Automatic Colorization

Have you seen Reddit's /r/colorization sub? People use photoshop to add color to old black and white photos. This is a good problem to automate because perfect training data is easy to get: any color image can be desaturated and used as an example.

This project is an attempt to use modern deep learning techniques to automatically colorize black and white photos.

In the past few years Convolutional Neural Networks (CNNs) have revolutionized the field of computer vision. Each year the ImageNet Challenge (ILSVRC) has seen plummeting error rates due to the ubiquitous adoption of CNN models amongst the contestants.
As of this year classification error in the ILSVRC is thought to be better than humans. Amazing visualizations have shown that pre-trained classification models can be retooled for other purposes.

Motivation To Read Further

Here are some of my best colorizations after about three days of training. The input to the model is the left-side grayscale image. The output is the middle image. The right image is the true color—which the model never gets to see. (These are images are from the validation set.)

There are bad cases too, which mostly look black and white or sepia toned.

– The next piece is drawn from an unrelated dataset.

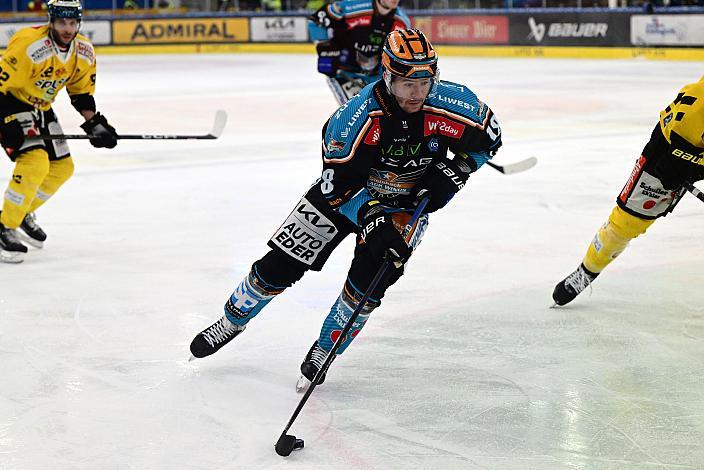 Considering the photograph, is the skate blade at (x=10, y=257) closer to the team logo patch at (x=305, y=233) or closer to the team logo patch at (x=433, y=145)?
the team logo patch at (x=305, y=233)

Here are a bunch of random validation images if you're interested in getting a better idea of its competence. The image files are named after the training iteration that they're from. So higher numbered will have better color.

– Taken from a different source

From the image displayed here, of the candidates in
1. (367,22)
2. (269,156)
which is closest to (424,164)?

From here on I'm going to assume you have some familiarity with how CNNs work. For a great introduction check out Karpathy's CS231n.

Hypercolumns

In CNN classification models (like the ones made for ILSVRC), more info can be extracted than just the final classification. Zeiler and Fergus showed how to visualize what intermediate layers of a CNN could represent—and it turns out that objects like car wheels and people already start becoming identifable by layer three. Intermediate layers in classification models can provide useful color information.

First order of business was picking a pre-trained model to use.

So I wanted to use a pretrained image classification model (from the Caffe model zoo) to extract features for colorization. I chose the VGG-16 model because it has a simple architecure yet still competitive (second place in 2014 ILSVRC). This paper introduces the idea of "hypercolumns" in a CNN. A hypercolumn for a pixel in the input image is a vector of all the activations above that pixel. The way I implemented this was by forwarding an image thru the VGG network and then extracting a few layers (specifically the tensors before each of the first 4 max-pooling operations), upscaling them to the original image size, and concatinating them all together.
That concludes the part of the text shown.